I believe everything happens for a reason. Life isn't about keeping score. It's not about how many people call you and it's not about who
you've dated, are dating, or haven't dated at all. It isn't about who you've kissed, what sport you play, or which guy or girl likes you.
It's not about your shoes or your hair or the color of your skin or where you live or go to school. In fact, it's not about grades, money, clothes, or
colleges that accept you or not. Life isn't about if you have lots of friends, or if you are alone, and it's not about how accepted or unaccepted you are.
Life just isn't about that. But life is about who you love and who you hurt. It's about how you feel about yourself. It's about trust, happiness, and compassion.
Life is about avoiding jealousy, overcoming ignorance, and building confidence. It's about what you say and what you mean. It's about seeing people for who
they are and not what they have. Most of all, it is about choosing to use your life to touch someone else's in a way that could never have been
achieved otherwise. Life is all about risks and it requires you to jump. Don't be a person who has to look back and wonder
what they would have or could have had. No one waits forever. Life is about trusting our feelings and taking chances, losing and finding happiness, appreciating
the memories and learning from the past. Live with intention. Walk to the edge. Listen hard. Practice wellness.
Play with abandon. Laugh. Choose with no regret. Continue to learn. Appreciate your friends. Do what you love. Live as if this is all there is.

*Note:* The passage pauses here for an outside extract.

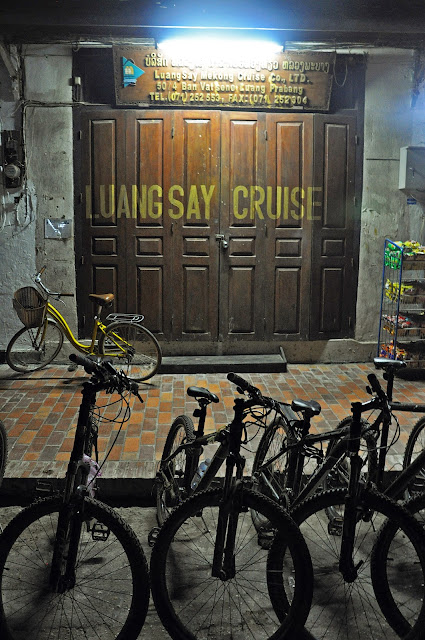 TRECE: vuelta ciclista a Luang Prabang - TAILANDIA A LAOS POR EL MEKONG Y LA ISLA ELEFANTE (15)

So, cherish your yesterdays and dream your tomorrows, but most importantly, don't forget to live your today's. I'm selfish, impatient
and a little insecure. I make mistakes, and when I am out of control at times, it's hard to handle. I'm only me. That is all I can be. No more, no less,
dont second guess. I love, I live, I laugh, I cry. I've wished sometimes that I could die. Some days I'm funny, others I'm not, sometimes I'm in overdrive and I can't stop.
You may not like me, but that's okay because this is me and how I'll stay. But if you can't handle me at my worst, then you sure as well
don't deserve me at my best. I turn a year older on every 11th of June. Don't try to judge me if you don't know me well.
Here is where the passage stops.